Retype only what runs from the first line of the records to the line with "Motorists make their", inclusive, and no pictures.

------------------------

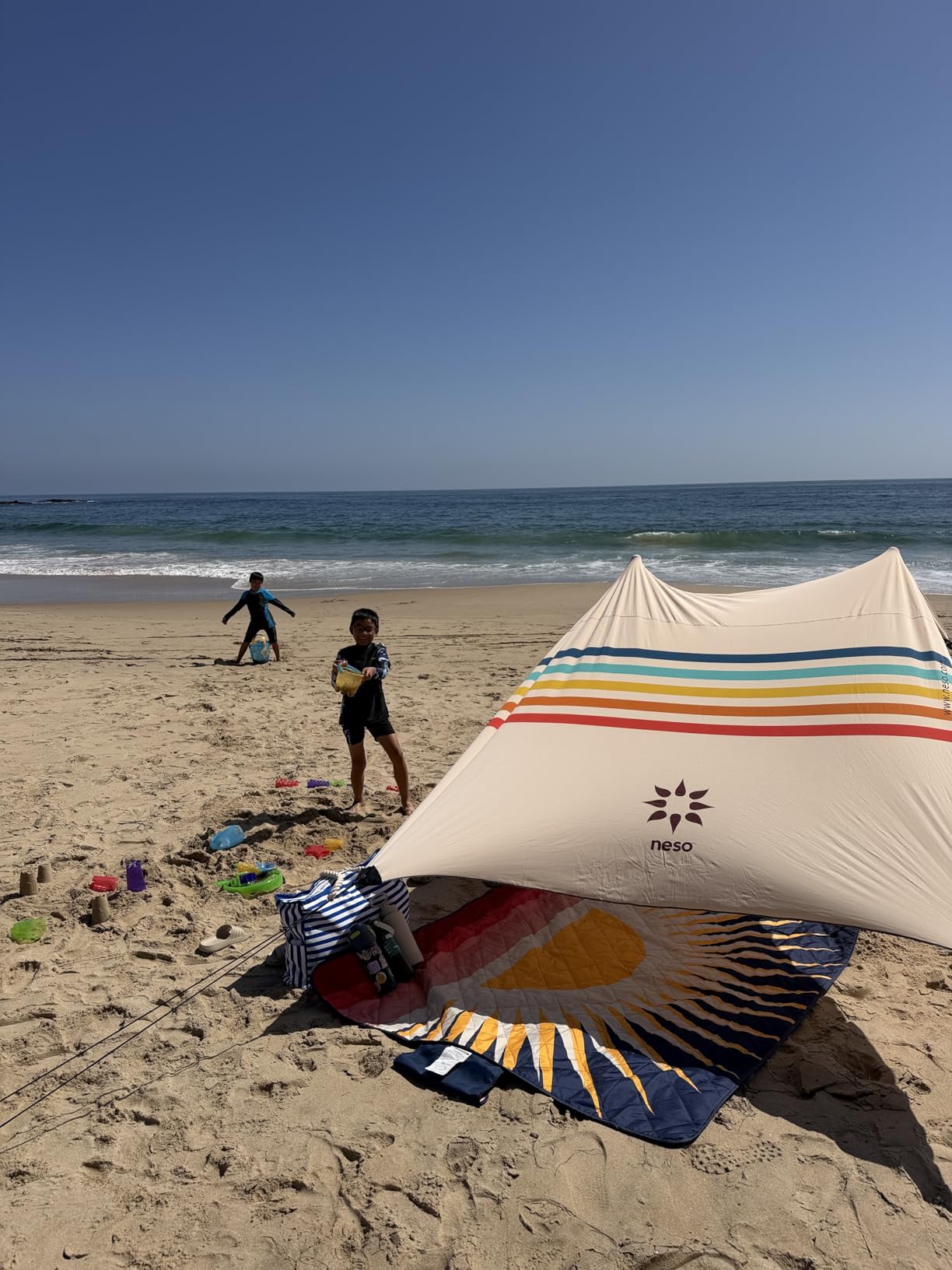 Neso Portable Beach Tent Sun Shelter with Sand Anchor - Lightweight Beach Shade Canopy - Easy Setup for Family Outings - Patented Reinforced Corners - UPF 50+ Sun Protection - 7 x 7ft - Rainbow customer photo 2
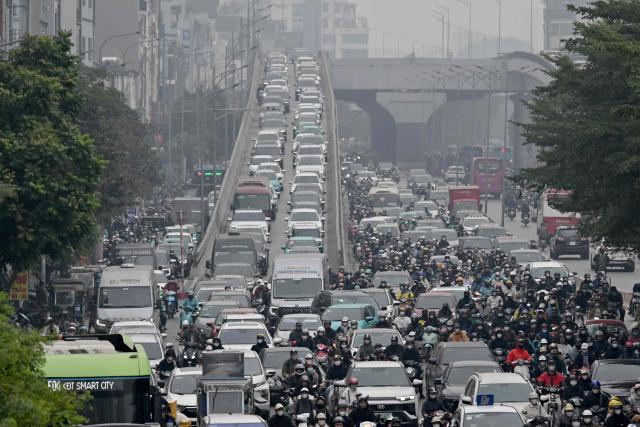 Motorists make their way on a street amid heavy air pollution conditions in Hanoi on January 15, 2026. (Photo by Nhac NGUYEN / AFP)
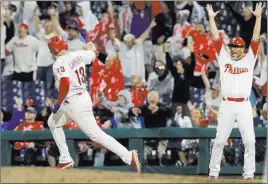  ?? Matt Slocum ?? The Associated Press Asdrubal Cabrera celebrates his walk-off home run with Phillies first-base coach Jose Flores in the 10th inning of Philadelph­ia’s 2-1 win over the Cubs on Friday.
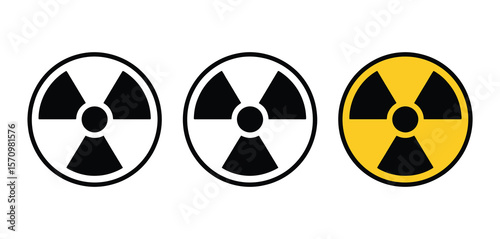 Three radiation warning symbols in black and white and yellow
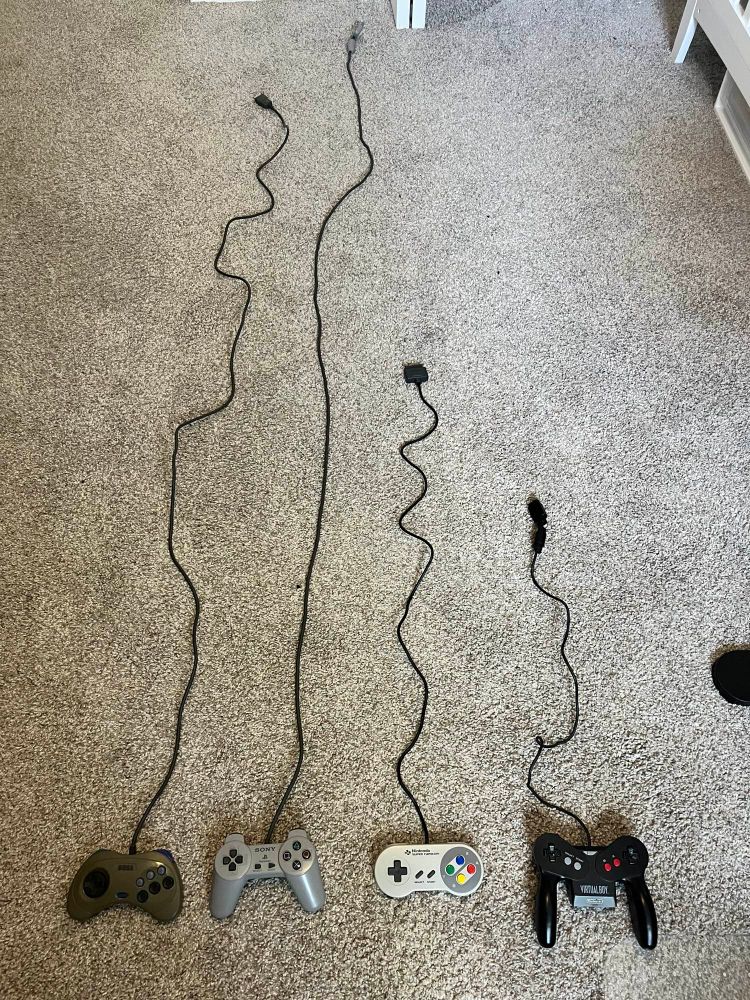 Four controllers lined up on the floor, showing cord length. JPN Saturn, PS1 Digital, Super Famicom, Virtual Boy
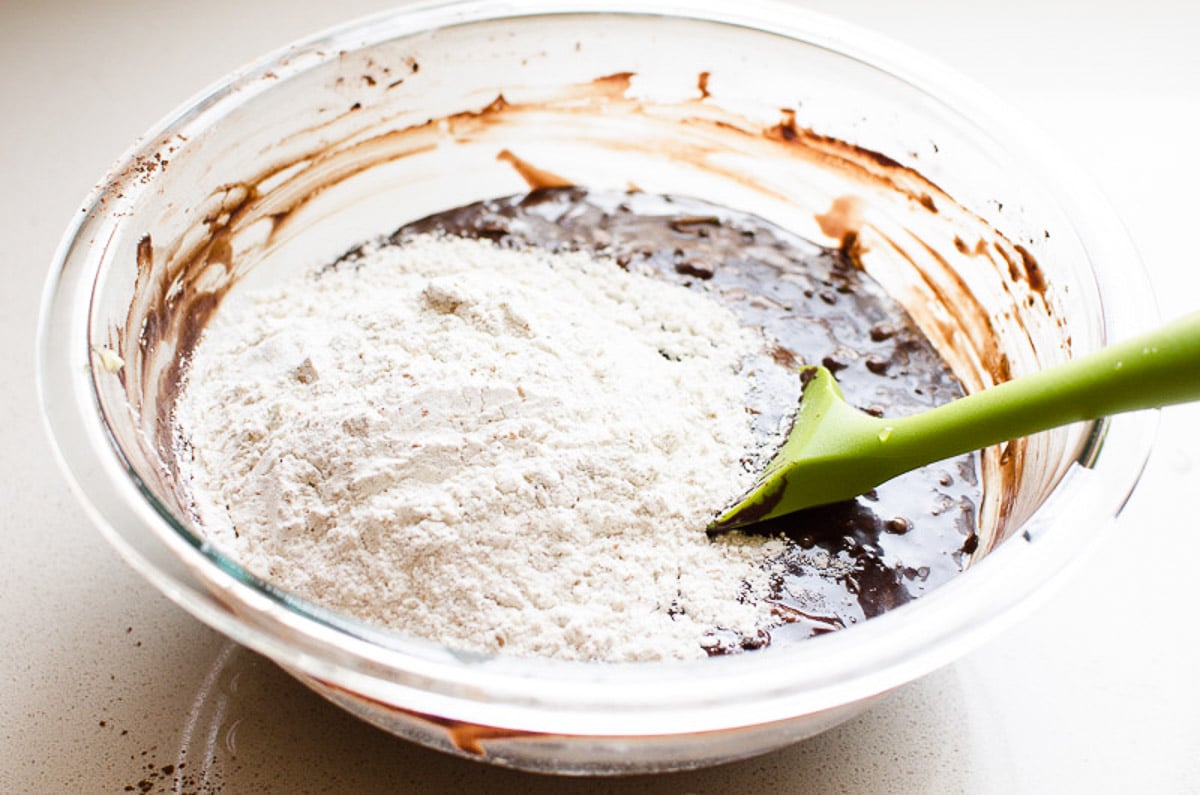Stirring flour into brownie batter with green spatula in glass bowl.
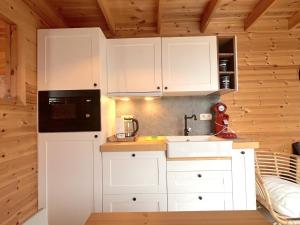Kuchyň nebo kuchyňský kout v ubytování Chalet Wielsmer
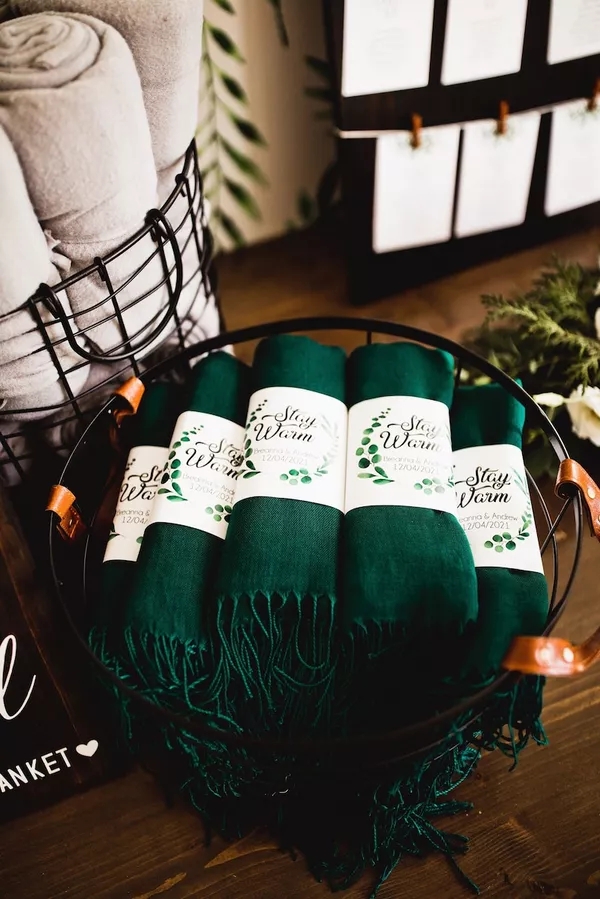 wedding blankets rolled with ribbons and personalized tags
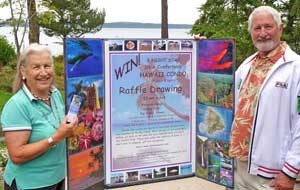 Pirrette Rouse shows the single raffle ticket that she purchased to win nine days and eight nights in a two-bedroom condominium on the Kona side of Hawaii.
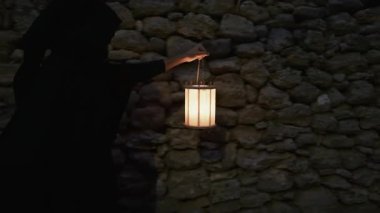 Koyu renk elbiseli bir adam ve yürüyen ve arayan bir fener. 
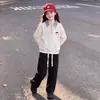 2026 primavera y otoño nuevos estilos pantalones casuales lisos simples para niñas conjunto versátil de dos piezas con top de solapa a cuadros y retazos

------------------------

Answer to the problem
 Neso Portable Beach Tent Sun Shelter with Sand Anchor - Lightweight Beach Shade Canopy - Easy Setup for Family Outings - Patented Reinforced Corners - UPF 50+ Sun Protection - 7 x 7ft - Rainbow customer photo 2
 Motorists make their way on a street amid heavy air pollution conditions in Hanoi on January 15, 2026. (Photo by Nhac NGUYEN / AFP)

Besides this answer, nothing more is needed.